The Knight-Hennessy Scholars is named after Phil Knight, MBA '62, philanthropist and co-founder of Nike Inc., and John Hennessy, chairman of Alphabet Inc. and president emeritus of Stanford.

Meg’s work has attracted more than $250,000 in funding from organizations including National Institute of Health, Stanford Center for Innovation in Global Health, Schweitzer Fellowship, Stanford MedScholars, Stanford Community Outreach Office and the U.S. Department of State. Unfortunately, Meg’s NIH funding has recently been cut in the large wave of grant terminations for any NIH funded research related to LGBTQ+ health. They hope to use the next two years to continue to find private donors to support this vital research and community based work in the wake of the changing research funding landscape. In addition, Meg has been awarded Stanford Medicine’s Health Equity Research and Opportunity Award and the Stanford Health Equity MD/MS Fellowship.

Meg says their interdisciplinary work, ability to work well in small groups and ability to actively engage their critical thinking skills at HWS were part of the reason their application was successful.

“I frequently find myself thinking back to HWS' mission statement to ‘prepare students to lead lives of consequence,’ when planning the next stages of my career, which has kept me grounded in ensuring my actions and plans will be of (hopefully positive) consequence to the world around me,” Meg says. 

“People at HWS, like Scott MacPhail, Julianne and Justin Miller, Eric Pelkey, Kirin Makker, Becca Barile, Gregory Frost-Arnold, Sigrid Carle, and many others, have fostered my ability to think critically and reason through complex problems. Being able to deeply engage with subject areas outside my primary fields, gave me the ability to think through the ethics and greater implications, on an individual and societal scale, of both the everyday problems we encounter and solutions we attempt to create to those problems. 

“This mindset has enabled me to communicate clearly with individual patients to create solutions that work for their individual lives and to work with others across fields to develop research and community work that will hopefully change how we practice medicine for the better. My experiential learning journey with HWS continues in the present,” Meg says.

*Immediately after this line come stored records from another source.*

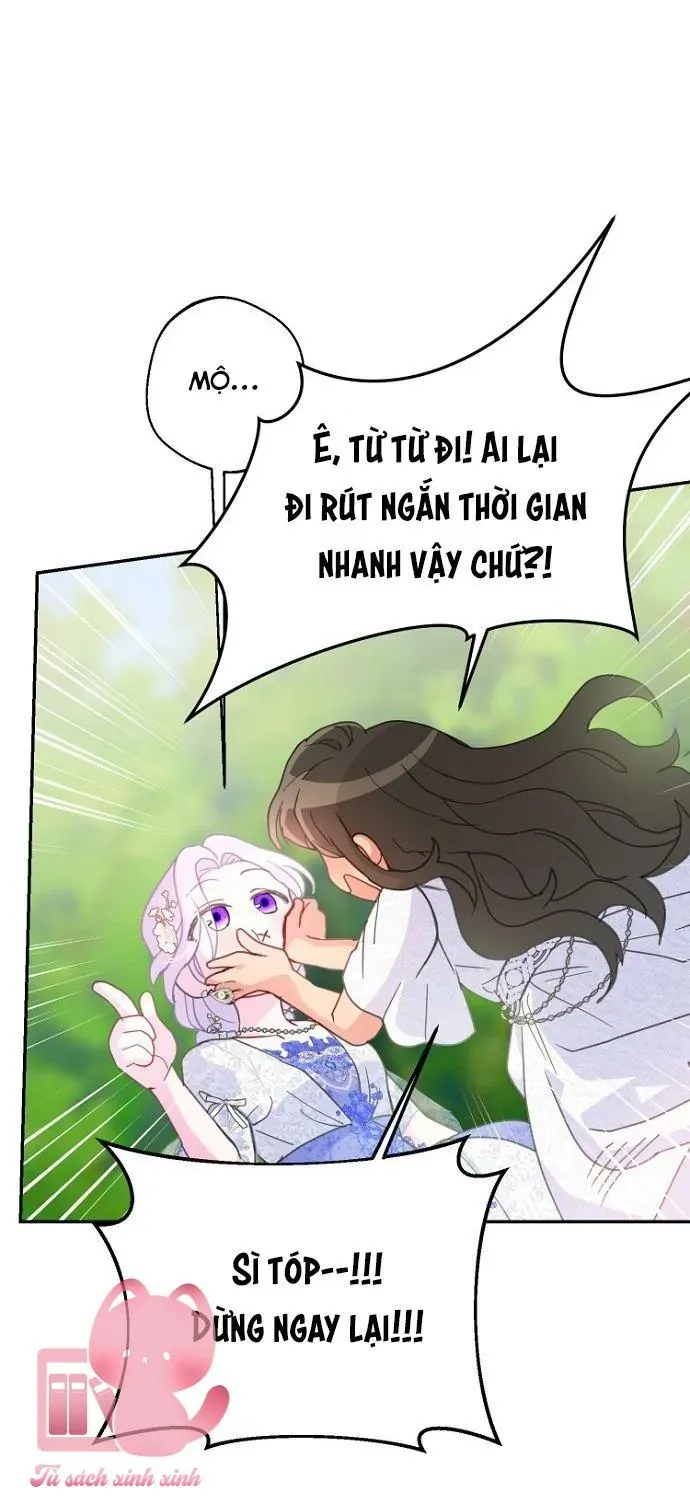 Trang 44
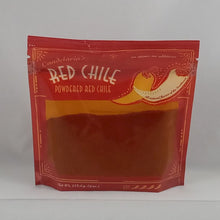 Load image into Gallery viewer, Red Chili Powder - HOT!
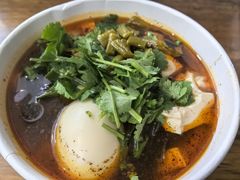 -蔡明纬(烽云慧城店)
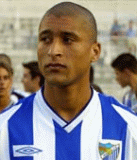 Marcelo Romero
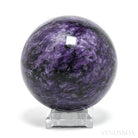 Lemurian Quartz Polished Point from Brazil | Venusrox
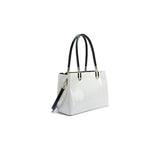 FYOR Tote Bag #color_black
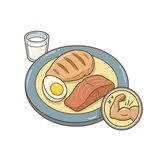 단백질
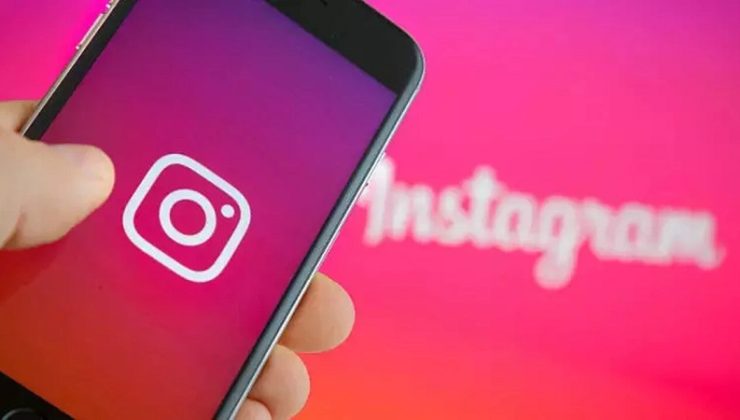 Instagram ne zaman açılacak? Instagram tamamen mi kapandı? Instagram’a nasıl giriş yapılır?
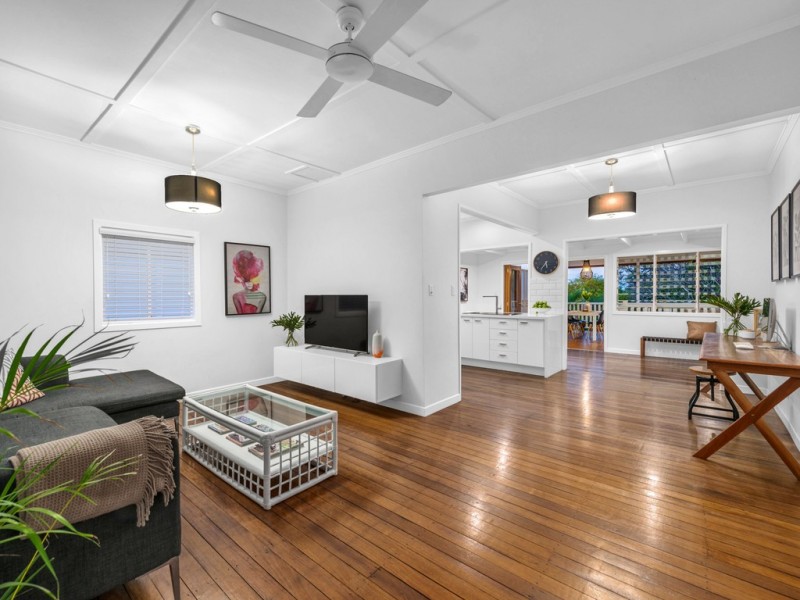 7 Maddocks Street, Virginia QLD 4014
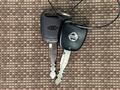 2013 Nissan Moco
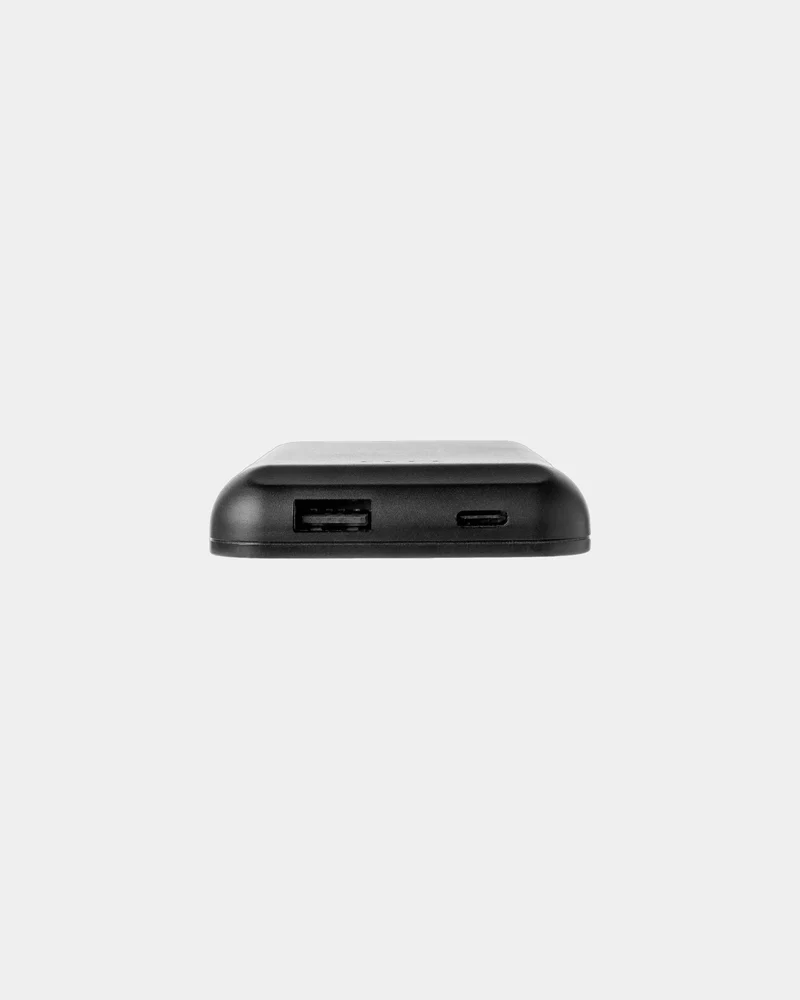 Power bank magnético 5000 mAh para personalizar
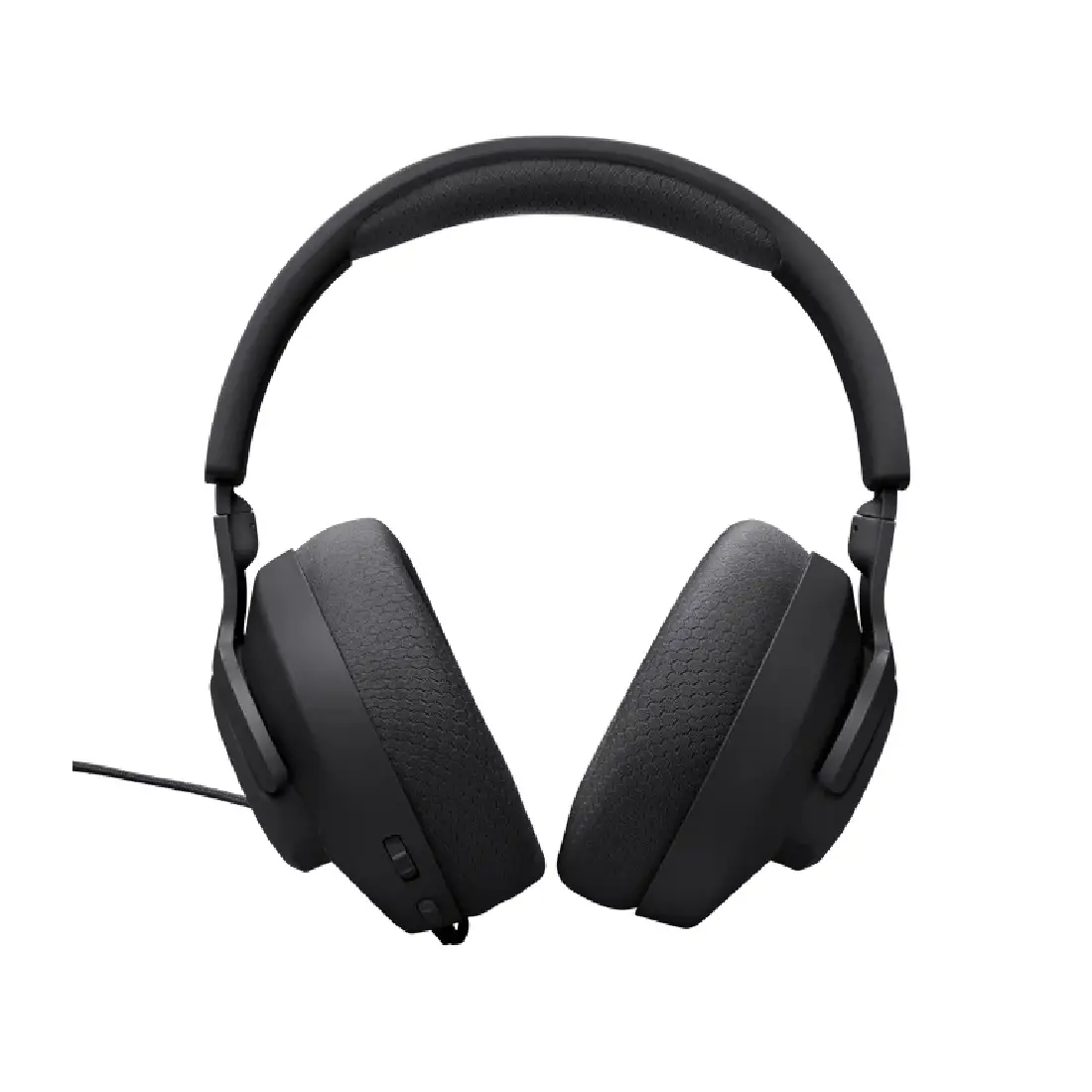 Ականջակալ JBL Quantum 100M2 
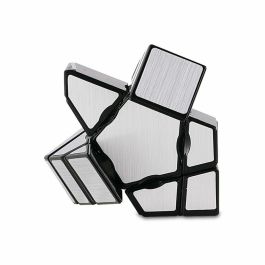 Cubo Cayro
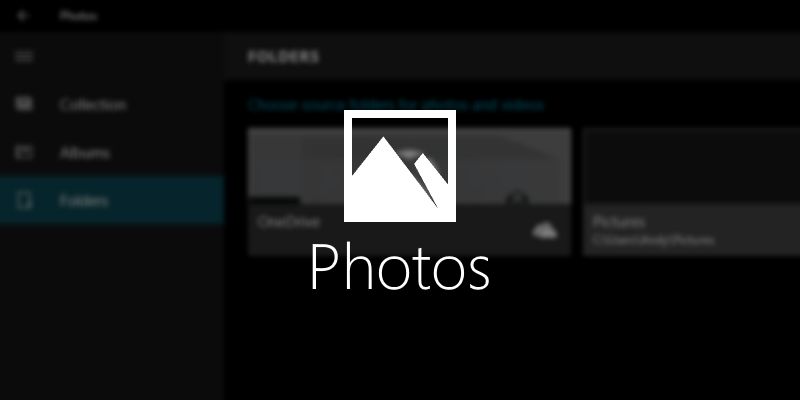 photos-featured-image نحوه مشاهده فایل‌های HEIF در ویندوز 10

This week, Meg’s vacation time overlapped with two days of the 10-day “The March: Bearing Witness to Hope” trip, where HWS and Nazareth College students learn from experts at World War II and Holocaust sites in Germany and Poland. “HWS and Nazareth College leadership teams were kind enough to allow my partner and me to join them for the two days we happened to overlap with the trip in Berlin,” Meg explains “Through various memorial sites and discussions, I was reminded of the medical system’s active role in the atrocities of the Holocaust that I will carry forward with me into my career. I’m grateful to HWS for these ongoing learning experiences, which offer perspectives that often fall to the wayside due to the time needed to master the science and art of medicine.” 

Scott says, “Meg has always been able to take an idea, bring together a team of collaborators to help realize it, and then scale up their initial success to bring it to and ever-growing number of people. Meg did this during their four years at HWS and has continued to expand their reach and impact at Brigham and Women’s Hospital and now Stanford.”

At HWS, Meg conducted multiple research projects in cancer biology, genetics, genomics and a qualitative study on the experiences of transgender and gender expansive higher education professionals. Following graduation from HWS, Meg worked as a research assistant at Fenway Health and at Brigham and Women’s Hospital, where they worked on biobehavioral-based interventions to reduce HIV risk in LGBTQ+ youth and a myriad of epidemiological based studies on the benefits of gender-affirming care.

Outside of work, Meg loves to spend time with their two cats, Frank (named after the often forgotten Rosalind Franklin) and Addy (named after the surgical instrument Adson forceps). They love going to concerts, traveling and learning random skills with the goal of becoming a ‘jack of all trades,’ who hopefully masters at least one along the way.”